A small, audience-friendly venue reminiscent of a salon, the American Colony Hotel's concert hall creates an agreeable ambience and benefits from good acoustics - just right for a chamber concert for a relatively small crowd.

Sounding Jerusalem Chamber Music Festival 'From Mozart to Miki' American Colony Hotel The concert hall itself proved a worthwhile discovery last week at an American Colony Hotel performance of the Sounding Jerusalem Chamber Music Festival, a two-week event featuring artists from Israel, the Palestinian territories and Europe. A small, audience-friendly venue reminiscent of a salon, the American Colony Hotel's concert hall creates an agreeable ambience and benefits from good acoustics - just right for a chamber concert for a relatively small crowd. One of the hotel's additional attractions is its large, pleasant terrace, which offered plenty of fresh air and a fine view over the city's rooftops during the intermission, making that part of the evening no less an experience than the concert itself. The program's first section proved conventional, featuring Mozart's Piano Quartet in G Minor and four of Bruch's Eight Pieces for clarinet, viola and piano. Pianist Andrea Rucli gave the former piece a sound that was too robust, ignoring the somber, mysterious qualities intended for Mozart's works in a minor key.
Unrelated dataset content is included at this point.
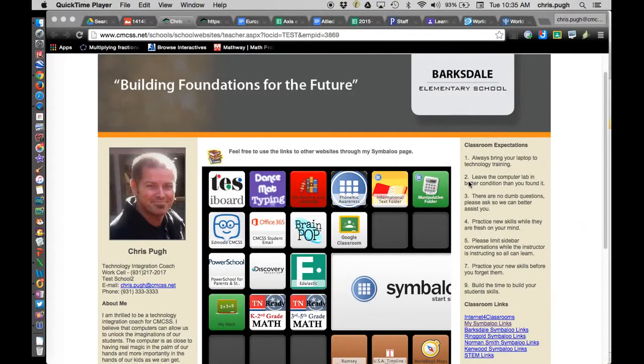Alright, so today on TicTicNo, we're going to take a look at how to use Google's Google Drive to be able to embed images into another website. Specifically, this one that our school district has set up.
Bruch's Pieces, by contrast, floated on romance, mixing Andreas Schablas' sensitive clarinet, Vladimir Mendelssohn's elegant viola and Janna Polyzoides' discreet lead piano. In the concert's less conventional second section, Minoru Miki's Night Tide for viola and piano achieved exactly the opposite of what one normally expects from the contemporary Japanese composer. The style was not nearly as modernist as a typical Miki piece, and therefore less likely to offend conservative ears. Shostakovich's Piano Trio Op. 8 proved the concert's crowning glory, more cheery and optimistic than many of his other chamber works. The piece was performed with impressive skill by Polyzoides, Liza Ferschtman and Martin Hornstein.